Mostly that I felt sorry for his young family, and how nothing good would come of this.
But the next morning, I opened my NY Times feed to this homeless abortion of a title:

Alas, the resident NY Times' "token" progressive was going to beclown himself.[2] I briefly glanced at it on Thursday morning and quickly clicked away. It was chock full of platitudes, and a grudging acknowledgement that Kirk built his following and audience well.
Bollocks.
Klein starts with the litany of political violence, and how corrosive it is. Yeah, nothing edgy there. But what caused me to click away was this 'graph:
You can dislike much of what Kirk believed and the following statement is still true: Kirk was practicing politics in exactly the right way. He was showing up to campuses and talking with anyone who would talk to him. He was one of the era’s most effective practitioners of persuasion. When the left thought its hold on the hearts and minds of college students was nearly absolute, Kirk showed up again and again to break it. Slowly, then all at once, he did. College-age voters shifted sharply right in the 2024 election. (emphasis mine)

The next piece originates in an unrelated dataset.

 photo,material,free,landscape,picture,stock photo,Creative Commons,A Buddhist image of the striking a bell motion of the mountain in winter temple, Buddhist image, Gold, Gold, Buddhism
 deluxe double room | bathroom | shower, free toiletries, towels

No, that was and is not true. Kirk was practicing politics as a bully, not quite gish-galloping, but his modus operandi was to get left leaning students in front of a crowd, to belittle them, and to stomp all over their statements, declaring victory. He used trite throwaway lines (like the one he loved to tout about how the 2nd amendment was worth the price of a few people dying by firearm violence), and parroting right wing narrative.
Klein then goes on:
I did not know Kirk, and I am not the right person to eulogize him. But I envied what he built. A taste for disagreement is a virtue in a democracy. Liberalism could use more of his moxie and fearlessness. In the inaugural episode of his podcast, Gov. Gavin Newsom of California hosted Kirk, admitting that his son was a huge fan. What a testament to Kirk’s project.
No, Newsom having Kirk on was not a testament to Kirk's project, it was a bad choice by Newsom who spent the time normalizing and saying Kirk had good ideas.

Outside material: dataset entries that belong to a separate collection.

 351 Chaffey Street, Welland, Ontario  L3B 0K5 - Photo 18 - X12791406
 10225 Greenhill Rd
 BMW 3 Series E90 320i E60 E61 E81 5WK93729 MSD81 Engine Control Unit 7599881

No, Kirk did not. It was this ill-fated desire by the Democratic consultant class to duplicate the right wing/MAGA influencer ecosystem without actually understanding how it works.
He then goes on to mumbling something about the sides in politics, and maintaining some semblance of viability. That is poppycock. Yes, there are sides. One side (the Democrats) play like it is a rule bound system with rational actions and responses. The other side rejects the rules, and goes straight for the political jugular. Alas, they seem to win too often.
This is like all the people who object when I comment somewhere that "This is who we are" whether it is in the election/elevation of Trump, or the coarseness of the conversation, or, whatever. I get a ton of pushback. But the reality is that this is who we are.
I will end with this final pull:
Kirk and I were on different sides of most political arguments. We were on the same side on the continued possibility of American politics. It is supposed to be an argument, not a war; it is supposed to be won with words, not ended with bullets. I wanted Kirk to be safe for his sake, but I also wanted him to be safe for mine and for the sake of our larger shared project. The same is true for Shapiro, for Hoffman, for Hortman, for Thompson, for Trump, for Pelosi, for Whitmer. We are all safe, or none of us are.
No, you were NOT on different sides. His side wants you, me, and all the Democrats and even centrist Republicans dead. He gleefully mocked the LGBTQIA+ community, BLM, and any organization trying to help the broader electorate.
And Ezra Klein whitewashing that makes him my Human Garbage of the Week.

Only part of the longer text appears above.